Gamification is not just adding XPs. I think you have hit the nail on the head. Where is it written that students cannot form their own guilds, cannot have repeated attempts at an accomplishment, etc.?

And anyone who thinks grades are "serious" and leveling up is not needs to rethink their priorities.

2.

I wonder if anyone in the Terra Nova community has thoughts on the teaching system and exercise software being built by Khan Academy, especially the game-like aspects.

If you're not familar with Khan Academy, a good place to start is the TED talk by Salman Khan.

3.

With all due respect to the gamifiers, perhaps the 'failure' of gamification is not the concept but the designers. After all, there are any number of games out there, but few of them are successful by any standard of broad, cross-cultural appeal. Even amongst players of the same game, there is disagreement about the most entertaining sub-type. Chess players may prefer blitz over standard timing. Poker players may prefer 7 card stud over texas hold 'em. MMO players may prefer PVE to PVP. Farmvillagers may prefer decorating their farm to producing as much profit as possible. Some people may prefer games that includes tests of physical skill, while eschewing games of pure strategy. So the issue is not the concept; rather, it is the inability of a designer to produce a one-size-fits-all structure that appeals to all comers.

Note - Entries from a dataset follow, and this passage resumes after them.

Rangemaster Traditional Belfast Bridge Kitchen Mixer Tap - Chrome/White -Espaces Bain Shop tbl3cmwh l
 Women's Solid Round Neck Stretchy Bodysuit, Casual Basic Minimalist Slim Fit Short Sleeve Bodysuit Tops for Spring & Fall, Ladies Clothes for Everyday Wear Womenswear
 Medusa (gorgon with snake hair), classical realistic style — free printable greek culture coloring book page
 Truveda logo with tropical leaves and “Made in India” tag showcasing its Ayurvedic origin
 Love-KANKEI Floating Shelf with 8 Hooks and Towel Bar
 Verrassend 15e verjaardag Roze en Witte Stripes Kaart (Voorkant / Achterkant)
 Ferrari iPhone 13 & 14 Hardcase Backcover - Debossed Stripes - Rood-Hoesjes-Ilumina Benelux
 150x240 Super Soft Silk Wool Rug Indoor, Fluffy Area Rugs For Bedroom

In a 'games market', players sort themselves as they see fit. A classroom offers no such opportunity, and no chance to just 'cancel the subscription' and try something else (especially after the add/drop period ends). It's not fun if you're forced to play.

4.

I still have to read Jane McGonigal's book. But until then, I'm still a little puzzled. There are games and there are not games. The line between them is sort of hard to define clearly, at least according to Wittgenstein. But there's a line. I take it gamification is taking things that are not games and making them games. Is there a former "*ification" that has been an unqualified boon? And if you're taking X and making it Y, doesn't that make it less of X (and make Y a little bit less like Y used to be?)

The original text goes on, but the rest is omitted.